Bean put victory out of reach of the others early Sunday when he birdied the first two holes and Watson bogeyed the second, starting toward a 73 that was still good enough for second place at 273. Curtis Strange picked off third place with a closing 67 for 275.
The tournament endured miserable, winter-like weekend weather in its second year when Dave Eichelberger, clad for a day on the ski slopes, found a closing 74 good enough for a three-stroke victory on a Sunday when almost half the field failed to break 80. Eichelberger’s winning score of 279 wasn’t particularly high, primarily because the weather was fine for the first two rounds and he shot two fine scores. He took a back seat to Dan Pohl Thursday. Pohl missed the course record by a shot with his 64, two strokes better than Leonard Thompson. Then Eichelberger added a 66 to his starting 69 for 135 and a one-shot over Pohl at the halfway mark before the weather turned sour.
Steady, cold rains forced suspension of play at mid-afternoon Saturday with 30 players still on the course and Eichelberger and Pohl tied for the lead. The wind-chill factor was down in the teens when they completed the round early Sunday morning. Eichelberger, wearing pantyhose, two pairs of pants and four sweaters, handled it best.
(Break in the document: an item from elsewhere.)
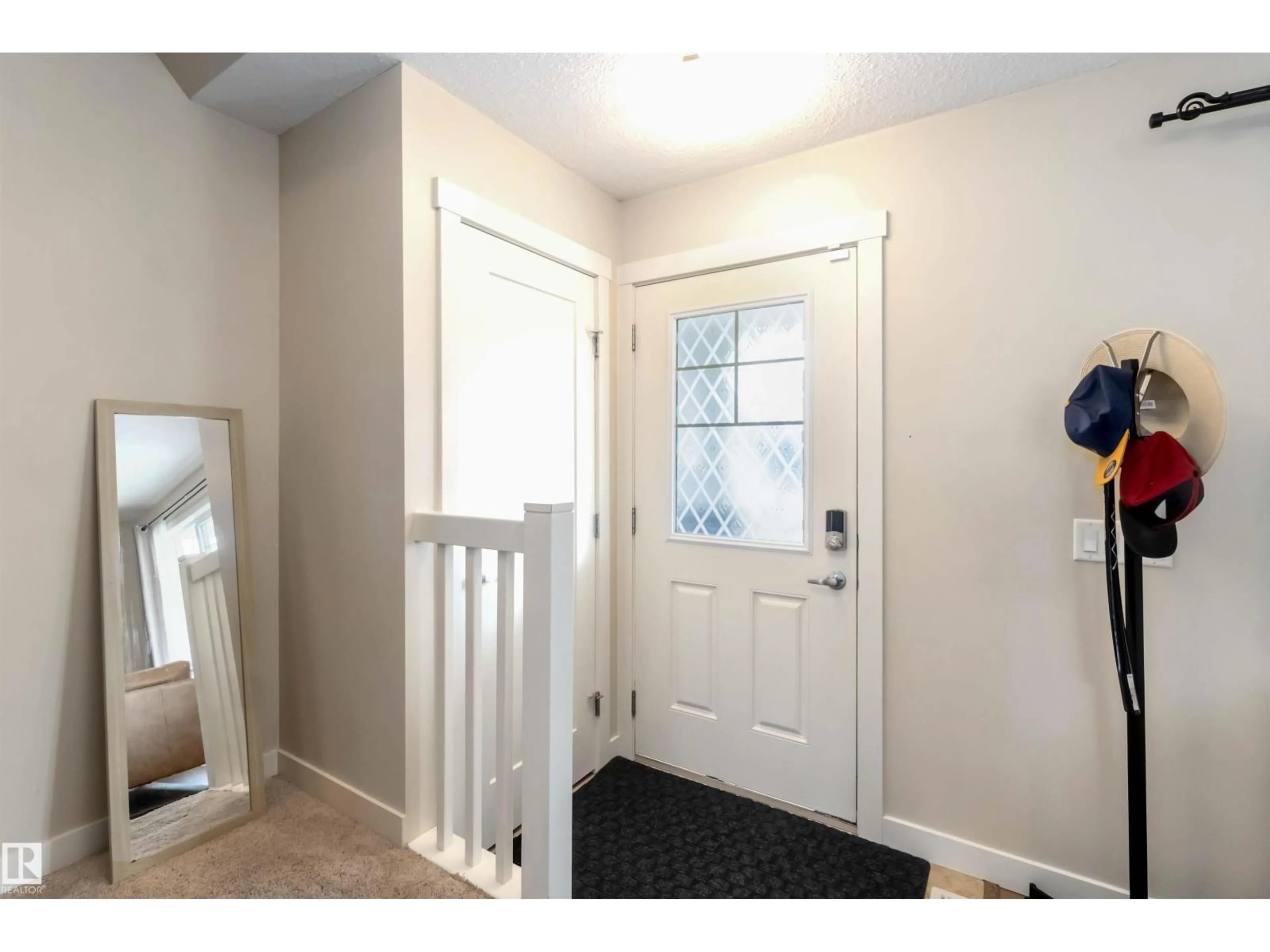 Indoor entryway for 2626 BLUE JAY CLOSE, Edmonton Alberta T5S0J7
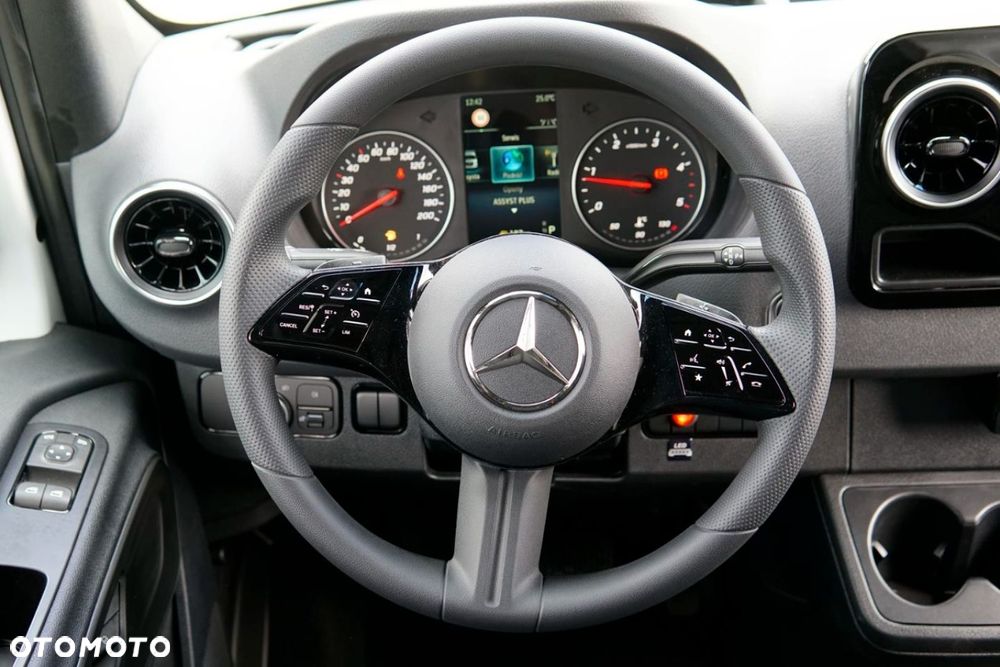 Mercedes-Benz Sprinter - 12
He birdied the fearsome, par-three 17th and his 70 gave him a three-shot lead over Thompson when the final round began later in the day.
Eichelberger was never seriously challenged that frigid afternoon and he ended Thompson’s fading hopes when he again birdied the 17th hole. Leonard also shot 74 for 282. Pohl and Jim Colbert tied for third at 288.
Arnold Palmer and his associates breathed new life into Orlando golf when they moved the 13-year-old Florida Citrus Open from Rio Pinar to his Bay Hill Club and its more difficult and attractive 7,103-yard course.
Higher scores resulted overall and the 278s that sent Bob Byman and John Schroeder to a playoff were higher than all except one of the winning scores in the 13 years at Rio Pinar. Byman prevailed with a par on the second (16th) extra hole after both parred the opening (15th) playoff hole.
Andy Bean got away winging on a calm first day with 64, taking a one-stroke lead over Jim Colbert, who had two eagles in the round. Through 11 holes in the second round, Bean had built a six-stroke lead and was 11 under par. But, he took two bogeys on the way in for 69, still good enough to stretch his margin to two strokes, then over Ed Sneed. Enter Byman, who had gained a spot in the field in the Monday qualifier. He shot 70 for 207, which gave him the lead when Bean skied to 76 and 209. In between were Sneed, Schroeder and Rex Caldwell.
Byman birdied three of the first five holes in the final round, then held on as all the challengers except Schroeder fell back. His eventual 71 brought the tie when Schroeder went two over par on the back nine for 70 and his 278. Bean, Bill Rogers and Hale Irwin finished at 279.